Knowlesys

What Is Open Source Intelligence

Key Takeaways

Open source intelligence is derived from data and information that is available to the general public. It’s not limited to what can be found using Google, although the so-called “surface web” is an important component.



As valuable as open source intelligence can be, information overload is a real concern. Most of the tools and techniques used to conduct open source intelligence initiatives are designed to help security professionals (or threat actors) focus their efforts on specific areas of interest.

There is a dark side to open source intelligence: anything that can be found by security professionals can also be found (and used) by threat actors.

Having a clear strategy and framework in place for open source intelligence gathering is essential — simply looking for anything that could be interesting or useful will inevitably lead to burnout.

What Is Open Source Intelligence?

Before we look at common sources and applications of open source intelligence, it’s important to understand what it actually is.

According to U.S. public law, open source intelligence:

Is produced from publicly available information

Is collected, analyzed, and disseminated in a timely manner to an appropriate audience

Addresses a specific intelligence requirement

The important phrase to focus on here is “publicly available.”The term “open source” refers specifically to information that is available for public consumption. If any specialist skills, tools, or techniques are required to access a piece of information, it can’t reasonably be considered open source.
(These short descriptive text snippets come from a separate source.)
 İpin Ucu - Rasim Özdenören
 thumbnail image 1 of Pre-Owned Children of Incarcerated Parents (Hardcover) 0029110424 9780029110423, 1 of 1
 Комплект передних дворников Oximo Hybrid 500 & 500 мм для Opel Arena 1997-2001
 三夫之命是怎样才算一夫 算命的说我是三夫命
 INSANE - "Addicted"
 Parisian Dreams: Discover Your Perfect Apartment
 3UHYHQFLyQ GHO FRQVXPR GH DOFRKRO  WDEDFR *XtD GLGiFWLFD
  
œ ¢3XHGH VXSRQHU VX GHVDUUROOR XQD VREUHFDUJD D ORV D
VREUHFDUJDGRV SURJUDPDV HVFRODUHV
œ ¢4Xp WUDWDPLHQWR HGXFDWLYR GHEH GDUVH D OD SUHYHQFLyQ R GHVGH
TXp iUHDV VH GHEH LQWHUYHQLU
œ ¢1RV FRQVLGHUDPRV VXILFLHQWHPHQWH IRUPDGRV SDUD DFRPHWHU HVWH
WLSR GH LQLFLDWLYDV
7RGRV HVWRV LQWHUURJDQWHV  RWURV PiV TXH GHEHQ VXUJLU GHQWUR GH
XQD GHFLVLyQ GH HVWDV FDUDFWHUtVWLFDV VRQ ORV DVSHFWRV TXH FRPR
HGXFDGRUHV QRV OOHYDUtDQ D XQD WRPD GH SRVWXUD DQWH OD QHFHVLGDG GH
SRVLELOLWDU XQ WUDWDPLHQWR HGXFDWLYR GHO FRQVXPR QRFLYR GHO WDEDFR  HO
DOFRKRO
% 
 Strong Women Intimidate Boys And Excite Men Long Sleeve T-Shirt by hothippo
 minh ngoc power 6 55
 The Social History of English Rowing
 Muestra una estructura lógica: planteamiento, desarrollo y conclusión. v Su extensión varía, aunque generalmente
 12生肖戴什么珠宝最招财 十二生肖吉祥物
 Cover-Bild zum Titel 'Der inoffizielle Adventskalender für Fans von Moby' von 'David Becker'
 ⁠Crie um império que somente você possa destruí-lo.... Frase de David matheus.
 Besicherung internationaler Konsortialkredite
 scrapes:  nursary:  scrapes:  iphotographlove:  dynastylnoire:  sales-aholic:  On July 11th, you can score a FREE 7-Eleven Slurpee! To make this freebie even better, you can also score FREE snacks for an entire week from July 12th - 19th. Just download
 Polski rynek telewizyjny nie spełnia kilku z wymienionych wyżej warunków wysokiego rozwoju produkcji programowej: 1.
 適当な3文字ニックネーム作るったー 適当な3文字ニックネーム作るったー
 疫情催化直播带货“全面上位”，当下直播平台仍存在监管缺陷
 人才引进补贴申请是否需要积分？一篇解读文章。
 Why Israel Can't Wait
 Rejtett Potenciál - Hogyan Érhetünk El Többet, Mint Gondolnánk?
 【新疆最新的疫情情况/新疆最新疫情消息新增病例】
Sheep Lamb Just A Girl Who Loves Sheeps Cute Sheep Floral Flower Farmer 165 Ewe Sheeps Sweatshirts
Crucially, open source information is not limited to what you can find using the major search engines. Web pages and other resources that can be found using Google certainly constitute massive sources of open source information, but they are far from the only sources.

For starters, a huge proportion of the internet (over 99 percent, according to former Google CEO Eric Schmidt) cannot be found using the major search engines. This so-called “deep web” is a mass of websites, databases, files, and more that (for a variety of reasons, including the presence of login pages or paywalls) cannot be indexed by Google, Bing, Yahoo, or any other search engine you care to think of. Despite this, much of the content of the deep web can be considered open source because it’s readily available to the public.

In addition, there’s plenty of freely accessible information online that can be found using online tools other than traditional search engines. We’ll look at this more later on, but as a simple example, tools like Shodan and Censys can be used to find IP addresses, networks, open ports, webcams, printers, and pretty much anything else that’s connected to the internet.